Though it’s easy to get sucked into the property, we understand the itch to get out and explore. The closest town with lots of cool stuff going on is Livingston Manor, where you can spend an afternoon touring Apple Pond Farm to hold some adorable baby animals and learn about renewable energy and off-grid living; then stop in for lunch at Main Street Farm or The Arnold House. Speaking of animals, sign up for horseback riding at Rolling Stone Ranch, just outside Bethel, where Woodstock famously took place. (Stop at the museum while you’re at it, open from April to January.) Afterward, stop into Catskill Distilling or the Dancing Cat Saloon.
For a great four-seasons hike, check out the Neversink Unique Area, which really lives up to its name. In the dead of winter, the rhododendron trees and bushes had big green leaves that were very much alive and seemed wildly out of place–creating the ambiance of what you’d expect in a rainforest instead of the Catskills. After about 40 minutes on the trails crossing streams and through the forests of the rhododendron trees, the path opened into a clearing at the foot of the Neversink River, one of the best trout fishing streams east of the Mississippi. (Note to self: come back when the rhododendrons are in full bloom. This trail must be incredible during springtime!)
Where to Eat and Drink Around Forestburgh:
Your best bet is bringing your own food to the house and taking advantage of the grill or wood stove to cook. (For those scared of cooking over fire, there’s also a hot plate.) The house also has an outdoor mini-fridge that isn’t plugged in, but will keep your food cooled, and protected, during colder weather. In summer, we’d recommend a cooler.

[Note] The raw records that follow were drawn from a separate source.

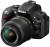 зеркальный фотоаппарат Nikon D5200 KIT DX18-55 VR black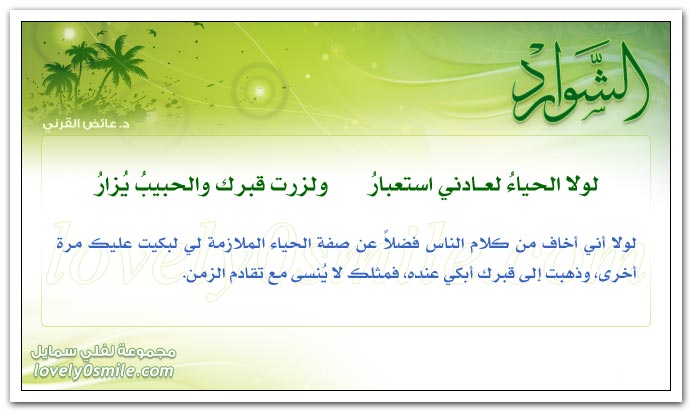 لولا الحياء لعادني استعبارُ ولزرت قبرك والحبيبُ يزارُ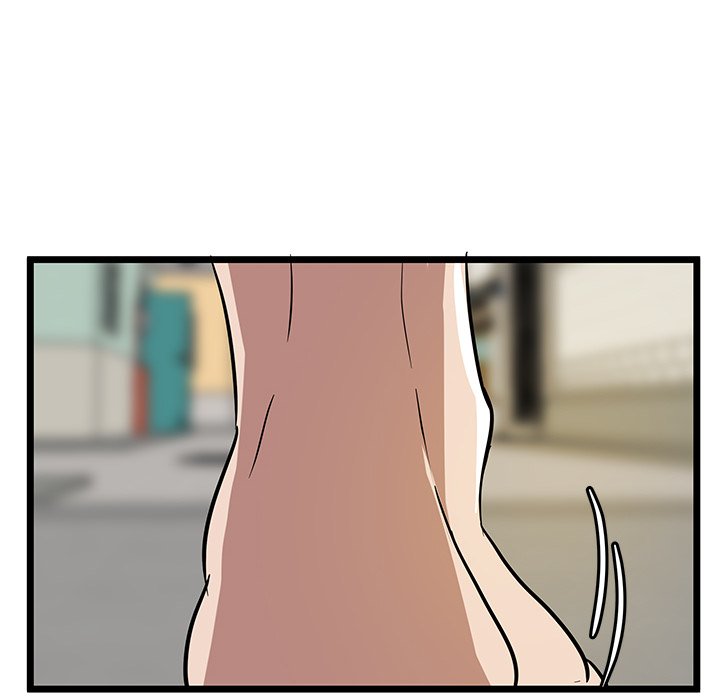 The Tiger, The Sun and The Moon - Chapter 54 Page 69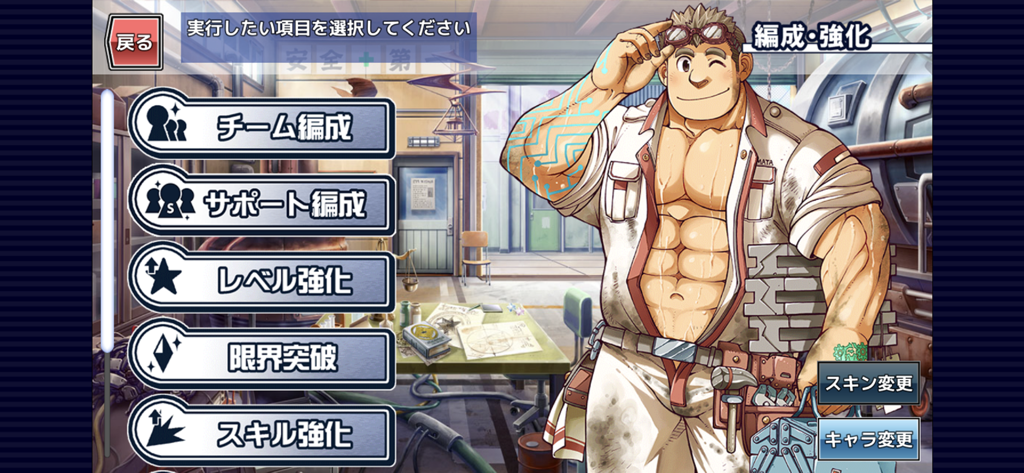 東京放課後サモナーズ - Game interface of Tokyo Afterschool Summoners showing menu buttons and a muscular male character
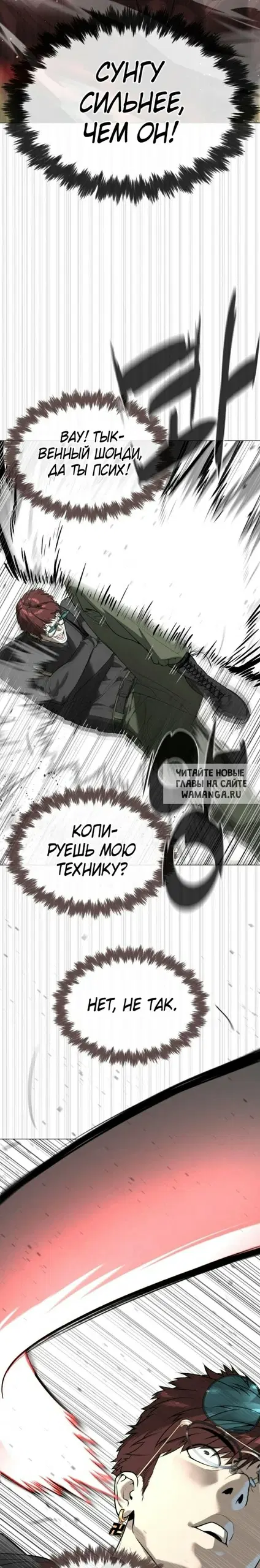 Page 20.000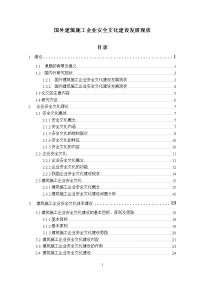 国外建筑施工企业安全文化建设发展现状  建筑类毕业论文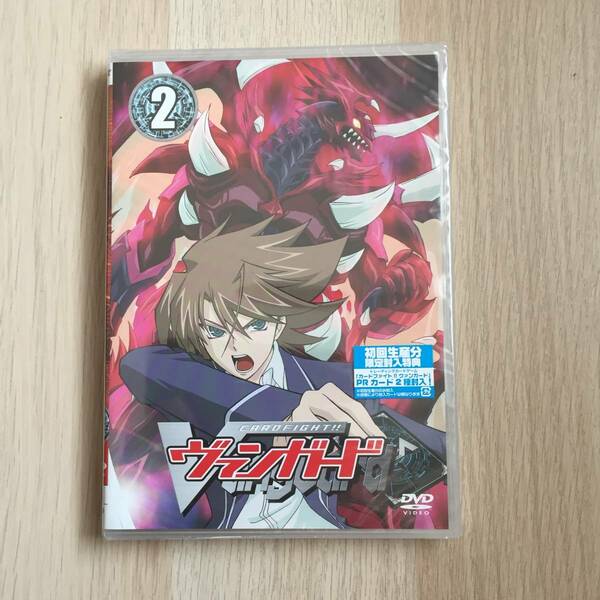 カードファイト!!ヴァンガード 2 初回生産版 DVD★未開封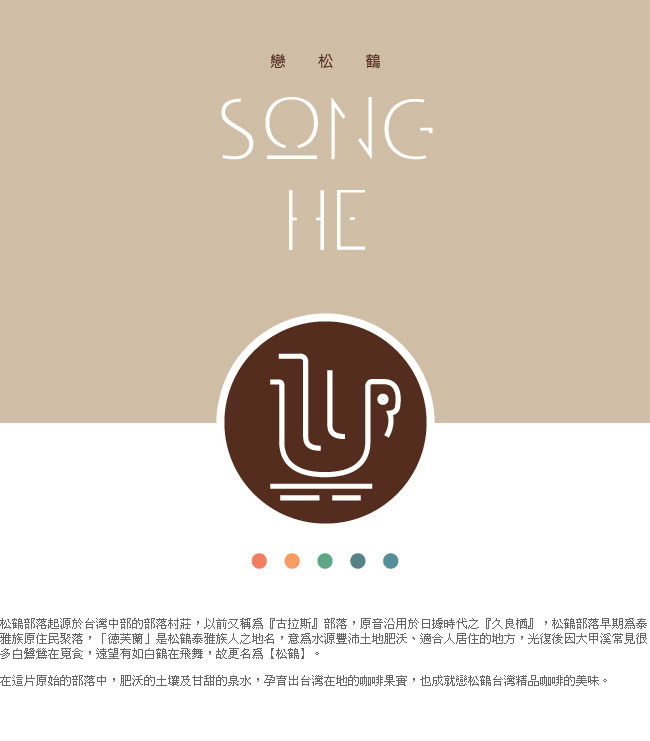 【Song He】日出 台灣咖啡豆(80g)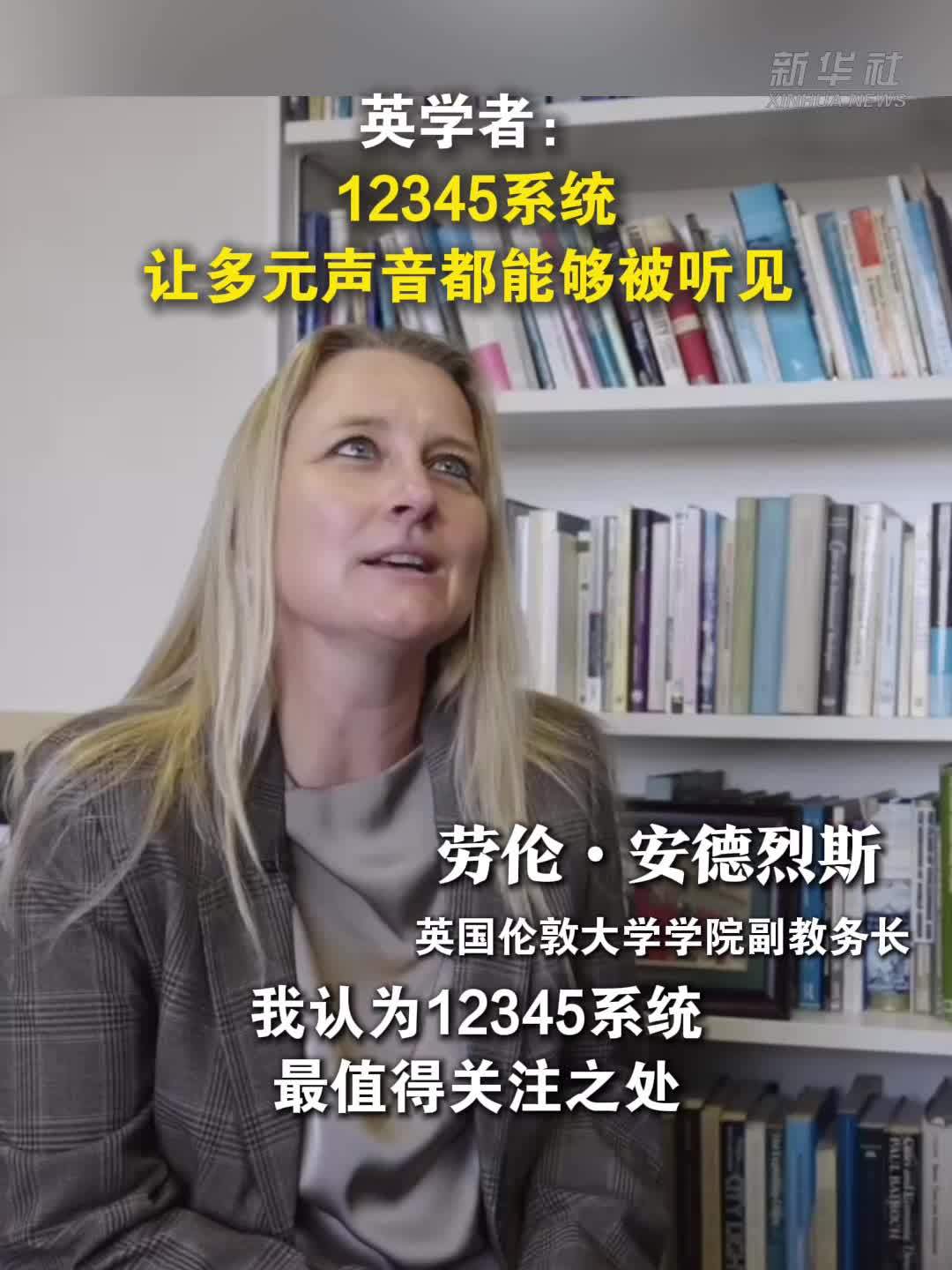 英学者：12345系统让多元声音都能够被听见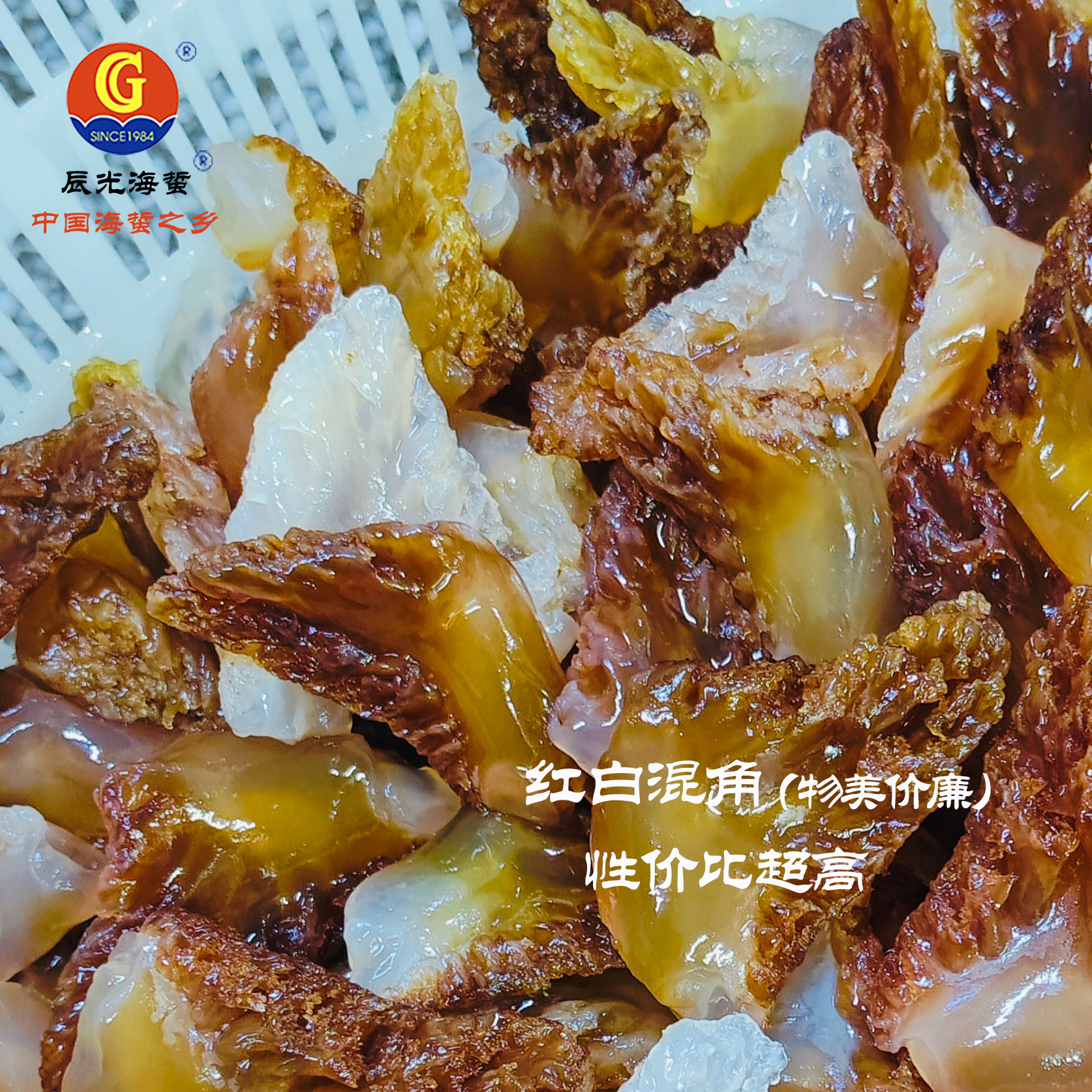 红白混角（新货福利） 凉拌菜嘎嘣脆 经济实惠（净重5斤 2斤/桶）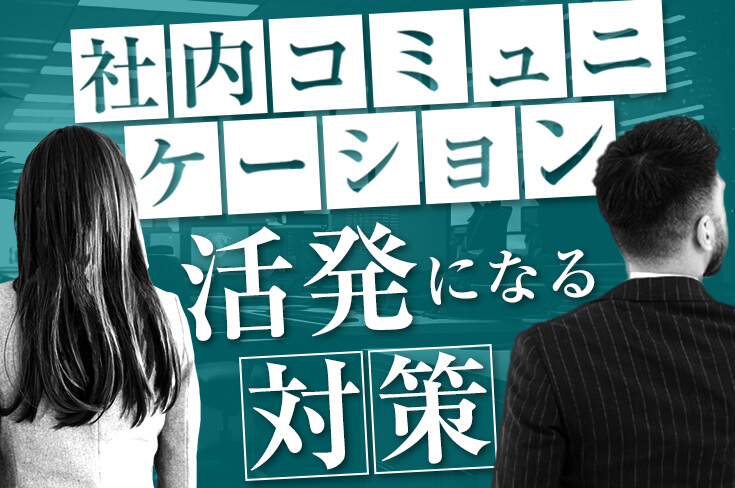 コミュニケーションが希薄になる原因とは？ | 中小企業の経営コンサルティングならブレインマークス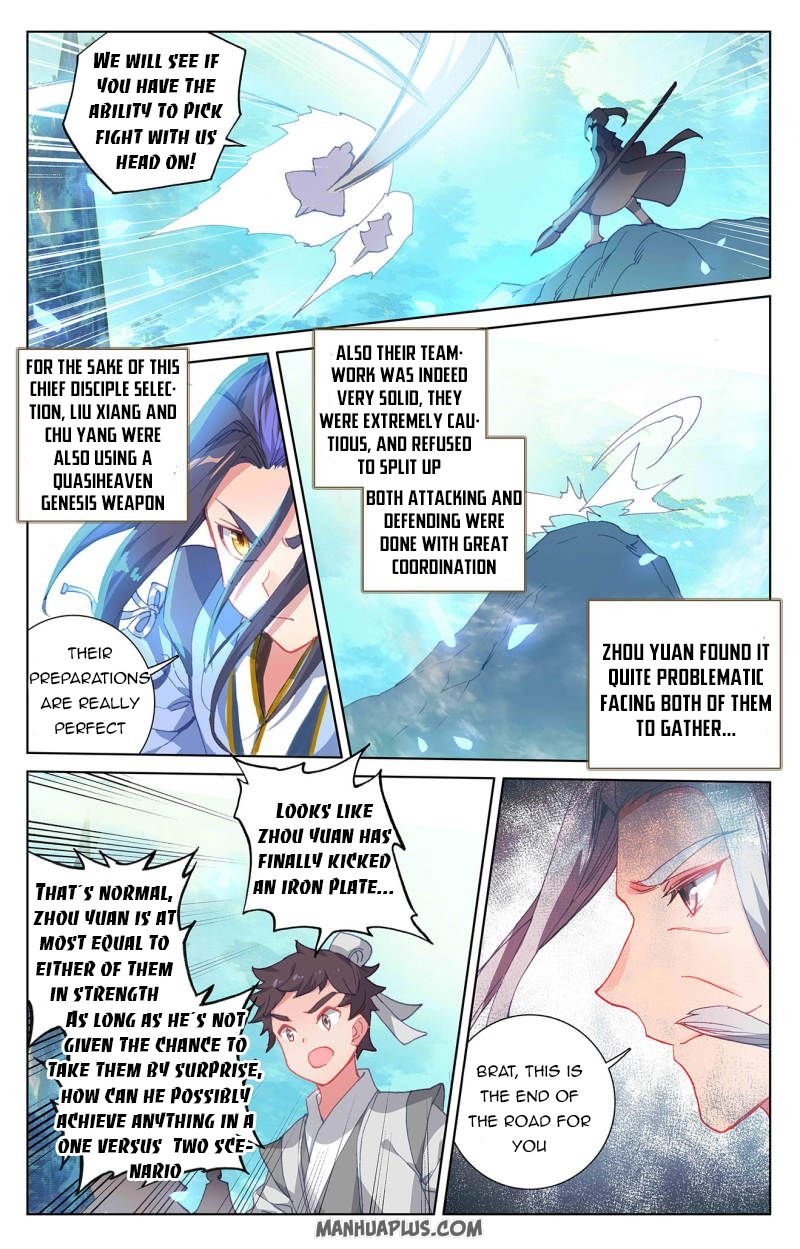 Yuan Zun Chapter 247 2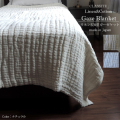 リネン ガーゼ ケット 楽天市場】リネン100% 3重ガーゼケット ハーフ LINEN & BASIC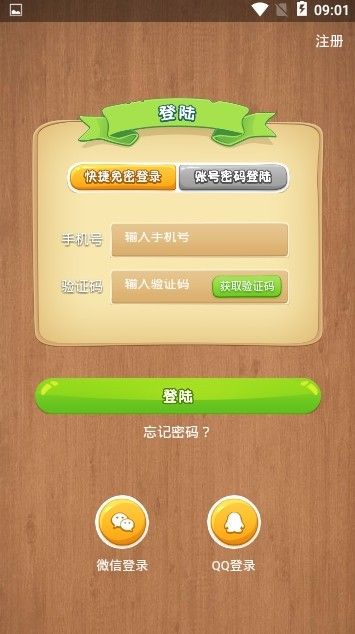 进步猫手机版下载安装最新版苹果12S  v0.0.3图3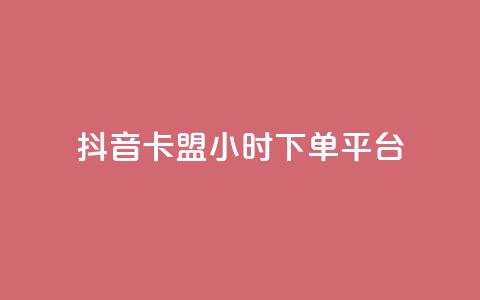抖音卡盟24小时下单平台,ks免费业务平台快手 - 24小时自助业务下单超稳定 卡盟在线24小时自助下单  第1张 抖音卡盟24小时下单平台,ks免费业务平台快手 - 24小时自助业务下单超稳定 卡盟在线24小时自助下单  第1张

If you find yourself hard up for food, or you want to explore the area, the further you’re willing to drive, the better the options. In Monticello proper, about ten minutes away, Soy Asian Cusine is the best option in town with a large lunch menu and tons of sushi options. Fat Boiz is another local favorite, serving up authentic Latin American fare. The most promising looking food in town was at Salt & Pepper the Kitchen, but they aren’t open on weekends.
A bit further away, your options get better, and the restaurants are consistently open on weekends. Your closest, best option for food is a 20 minute drive to Livingston Manor, with multiple options for food including The Arnold House and Main Street Farm. While in town, stop into Catskill Brewery to sample the regions best beer and fill up a growler. (See our whole post on Livingston Manor for more details.) Slightly further, about 30 minutes away, Henning’s Local just opened up their new location–above a gas station–at this James Beard awarded chef’s farm-to-table restaurant. By description, you’d think it was small–but the space is open and quite loft-like. Reservations are recommended, but vegetarians should look elsewhere for more options. Still further than that, clocking in about 40 minutes away, The Heron in Narrowsburg is probably our favorite restaurant in Sullivan County. They serve up a fantastic brunch, and dinner; if it’s summer, check out their patio overlooking the Delaware River. Before or after your meal, explore the great shopping in town including Nest, a beautiful home and lifestyle boutique; Maison Bergogne, an antique shop in an old car garage; and One Grand Books, where the stacks are determined by “desert island” picks from celebrities, authors and artists.